Playboy.com: Are you currently working on anything or just focusing on living it up?

Wigmore: Focusing on getting through this Warped Tour! They’re little cheeky buggers, eh? [laughs] They pull you in at the start with all these days off. Two shows on, two days off, which has you swimming in the pool and it’s lovely, you’re on the West Coast. Then you hit the month mark and it’s 10 days on and one day off in the middle of fucking nowhere, and then 10 days on again. It’s brutal. So this end part of the tour is quite taxing, so I’m just kind of keeping my head above water for the last two weeks then I’ll go back to Aussie and write the next record, I think!

Playboy.com: It must have been nice to meet all of your fans along the way. Does Warped Tour still do the booth signings?

Wigmore: Yeah, they do! I love that sort of relationship with my fans. Even at my own shows I make sure I go out afterwards as much as possible and keep in touch too. It’s a really good gauge of how people are actually experiencing the music, where they found out about you, which songs they are excited about or what things they don’t like. It’s also important to keep tabs on what kind of fans you have and what your audience is. It’s been great on the tour because you see such a range. Different ages, sizes, bloody everything! It’s just a melting pot, it’s been interesting. Young fans too! I never thought I’d have a young teenage audience, so that was cool to know. [laughs]

Playboy.com: I read somewhere you’re big into the supernatural; is that true?

Wigmore: I am a bit! I’m really intrigued by it, find it quite spooky. I like scaring myself. I don’t know why because I freak out completely but I really do love a good scare. I get all revved up by ghosts and all those interesting things. Thinking that there’s something else after we die as well is a comforting thought, other than biting the dust and being in a fucking box for the rest of your days.

Playboy.com: Have you ever had any supernatural experiences?

Wigmore: Well, we used to do, this is really shit, but we used to do séances, as you do when you’re like 13. You know, you’re doing Ouija boards and someone is moving it and shit, but we did a séance once, and again this is so dumb, in a church. It’s so bad but it was fucking amazing. We had all the candles in a row and all of them blew out and we lost our fucking minds. We ran out screaming and thought things were flying at us; we were probably throwing shit around at each other. I’ve done a few séances in my life and some kind of crazy stuff has happened during those, but you never really know if it’s just your mates pulling tricks on you.

Playboy.com: What’s your…

Favorite food: Penne vodka.

Favorite drink: French Martinis, love it!
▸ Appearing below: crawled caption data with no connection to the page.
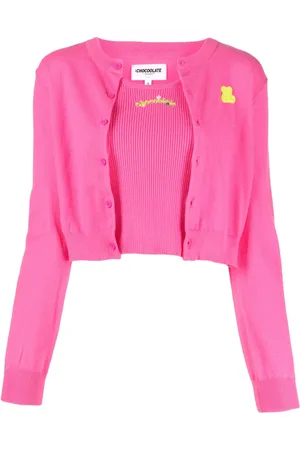 Chocoolate Cardigan mit Logo-Patch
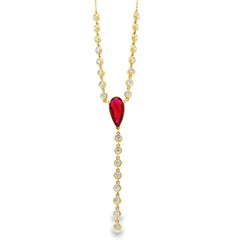 14k Gelbgold 0,88ct Zentral Rubin und 0,66ct Runde Brillanten Tropfen Nec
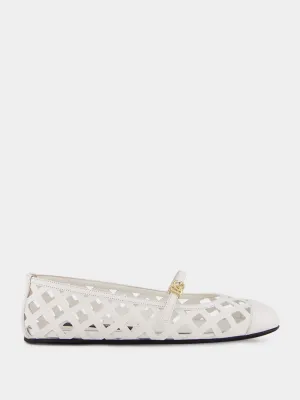 White Odette Openwork Calfskin Ballet Flats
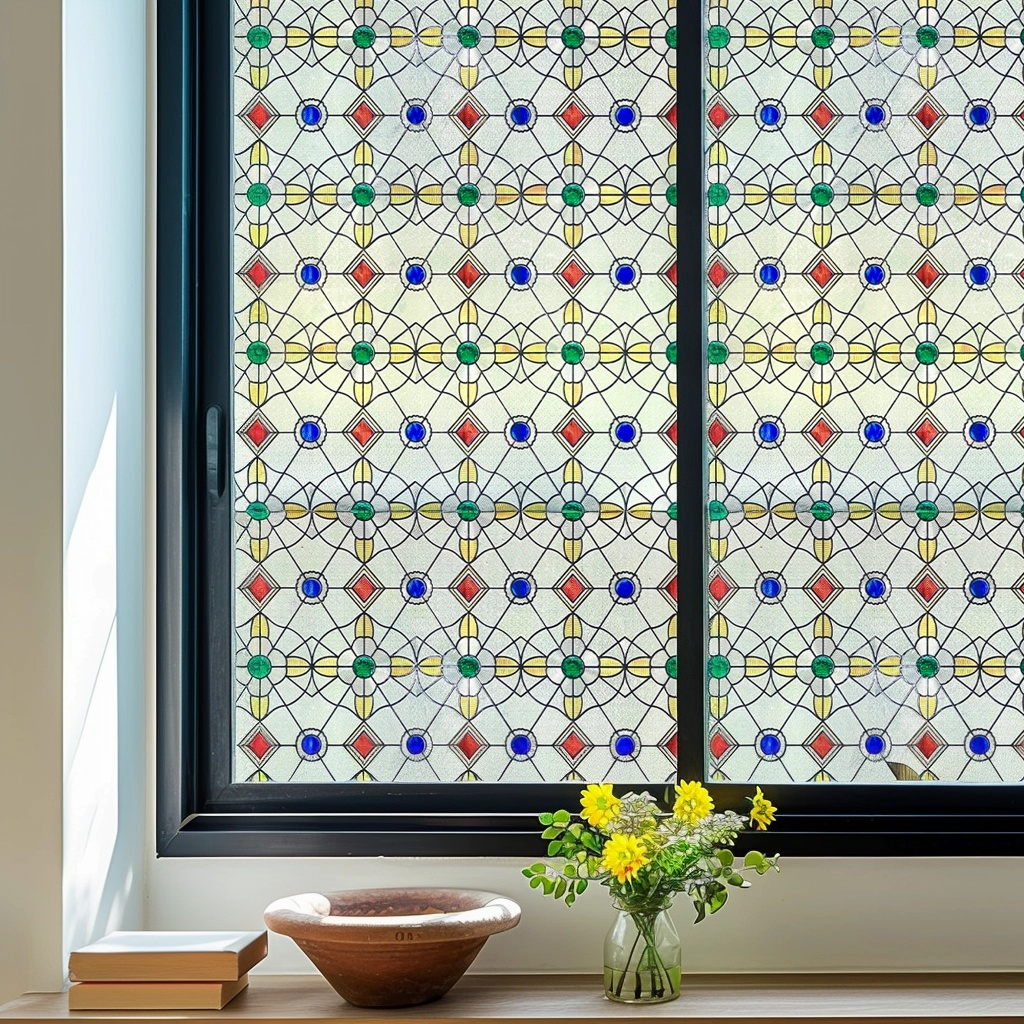 ADD.HERES Jewels 3D Stained Glass Window Film Static Cling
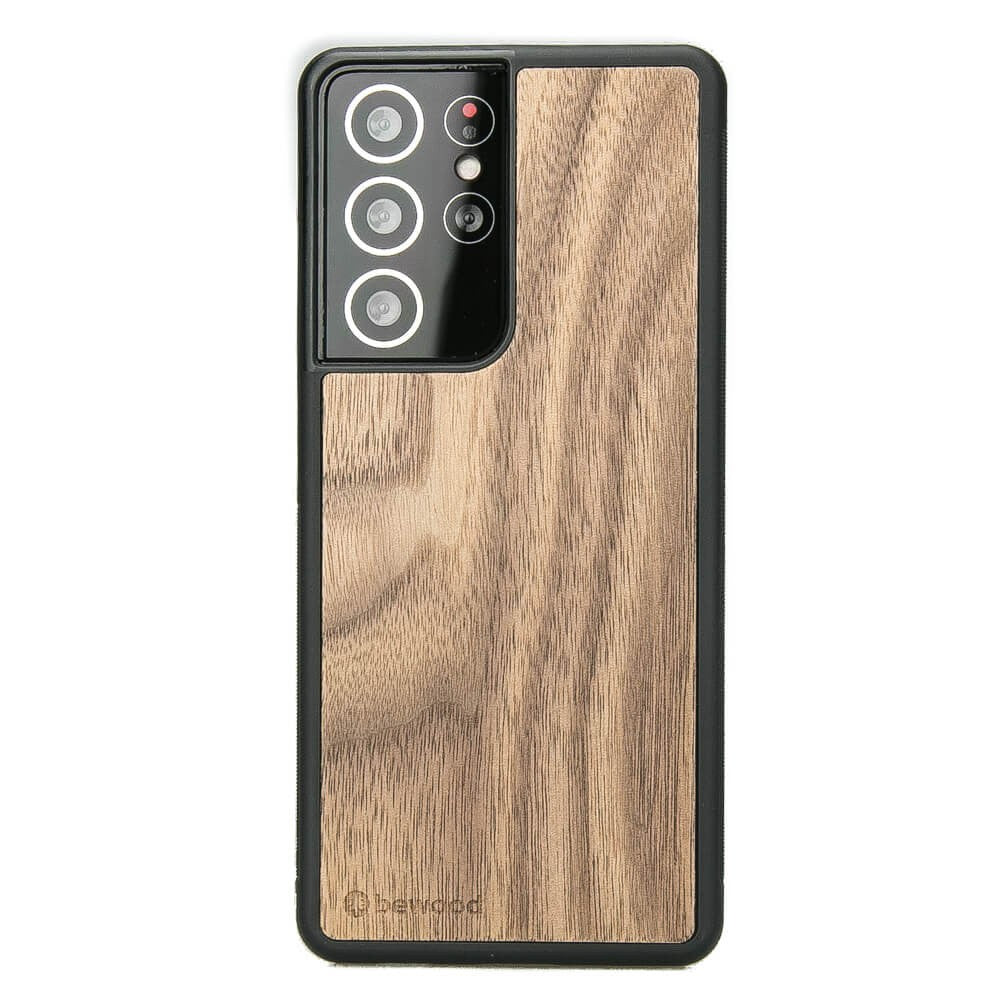 Holzhülle für Galaxy S21 Ultra, Bewood Amerikanischer Nussbaum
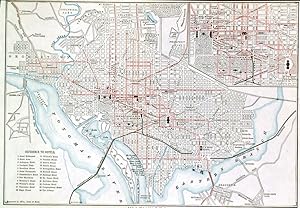 WASHINGTON. Plan of the city with a reference to hotels and an inset of the Capitol and Pennsyl...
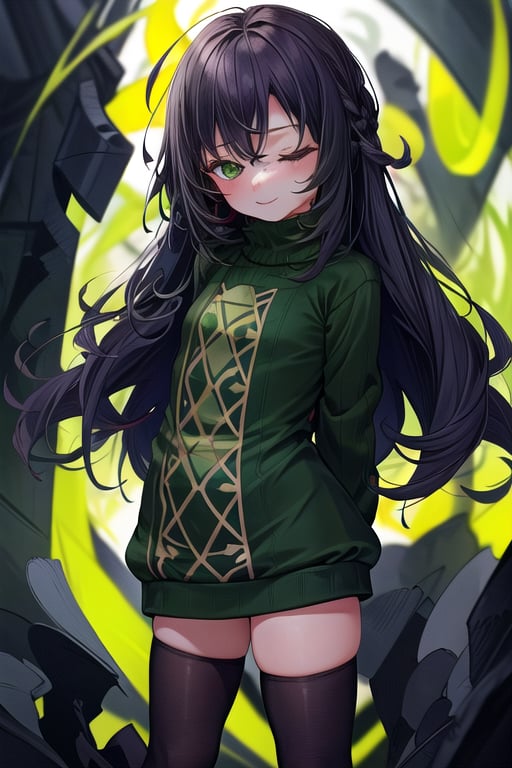 masterpiece, best quality, solo, 1girl, (arms behind back:1.1),loli,dark tunnel,looking at viewer,long_hair,  black_hair, closed_eyes,(green sweater:1.3),smile,  sleeves_past_wrists,  turtleneck, closed_mouth, bangs, ,flat_chest,long_sleeves,(black legswear:1.3),oversized_clothing,(little girl:1.2),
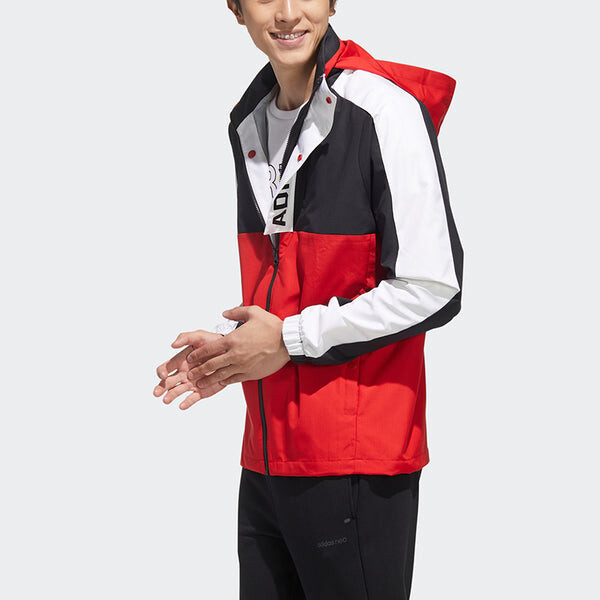 Куртка adidas neo hooded Zipper Colorblock Sports Jacket Red, красный — фото 4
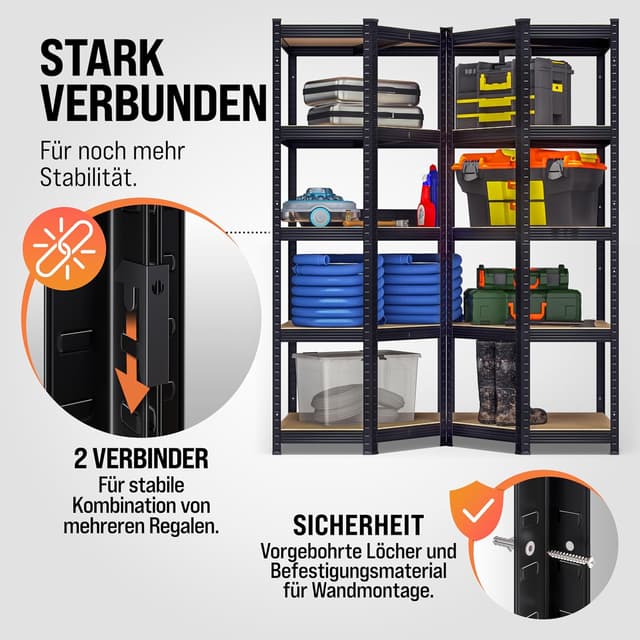 Detalle de Monzana 3er Set Schwerlastregal Eckregal (2625 kg) mit MDF-Platten, schwarz – modular & steckbar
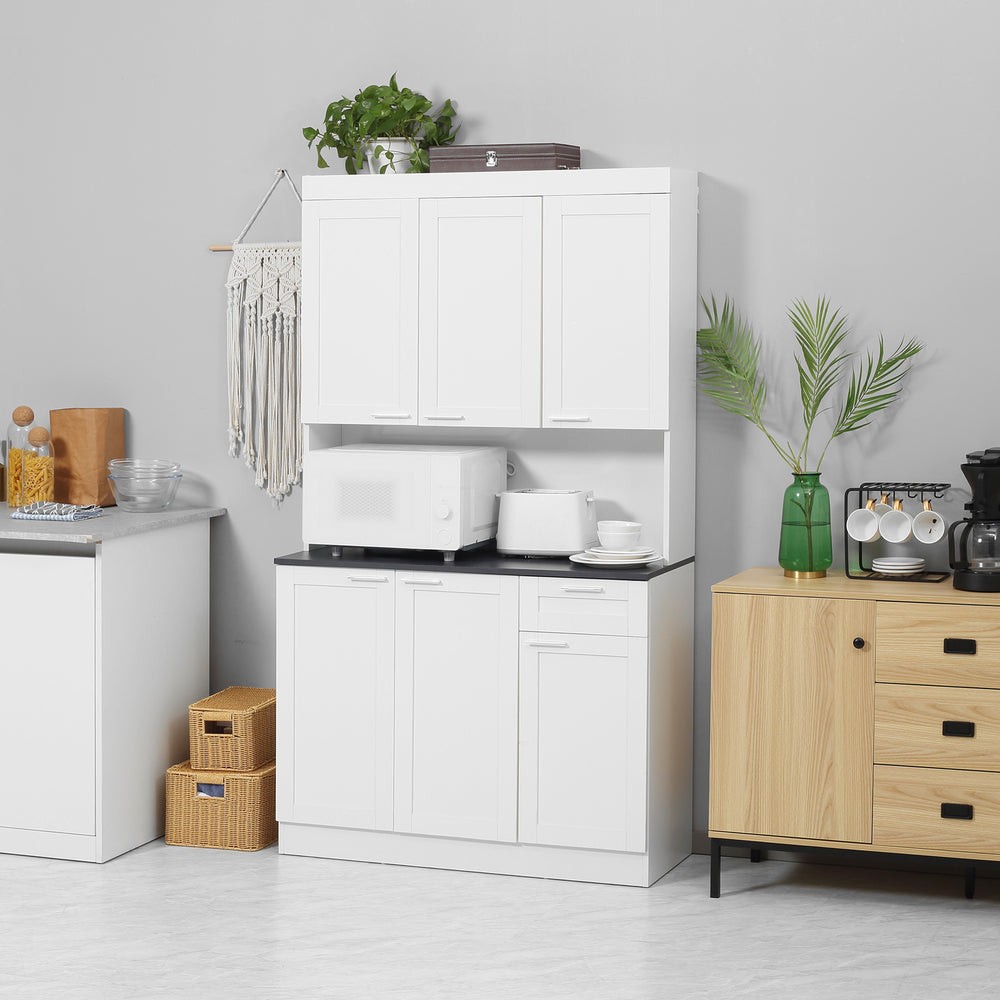 Buffet de 71" avec étagères réglables, blanc brillant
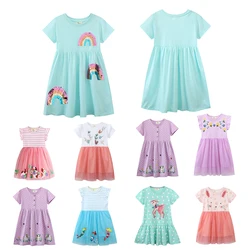 2025 Summer Baby Girls Short Sleeves Knitting Dress For 2-7Years Kids Cotton Lovely Embroidery Mesh Princess Dress Casual Dress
Most embarrassing moment: I fell off a stage once, it was absolutely mortifying, [laughs] so embarrassing. I was in New Zealand in front of probably the biggest crowd I’ve ever had, which is even worse. And I’m out there like some bloody drunk onstage, I always have a glass of red wine onstage and I had drunk it all and I reached out trying to talk to the crowd and shit and I stand out between the two monitors where it was all kind of black and I said, “Can someone fill up my wine glass?” and I stepped out on what I thought was a fucking stage and there was nothing there. I stepped off and dropped two meters, about an inch away from the security bar, absolutely mortified. [laughs] Everyone is screaming and hysterical and I get lifted back up and had to finish the show with my bruised prostitute legs, absolutely horrible.

Worst pickup line: I don’t get picked up all too often; I think I’m a bit too scary or something, [laughs] but I’ve had that “I think I know you from somewhere” and me being me I just say, “No, I’ve never met you before in my life.” And they keep going with, “No, I have!” and I just say, “No, I have never met you, sir. I’m not going to talk to you anymore.” I think I’m too honest and mean so they can’t get too far.

First memory of Playboy: I think it would have to be from my brother: he used to buy all the sexy mags and Playboy was on his list of things to do as a teen boy so I remember finding a stash once, and I’m also very sure I told Mom about it because I’m a dick younger sister. But it’s cool, you always hear about Hugh Hefner and all the extravagant parties and you hope to go one day!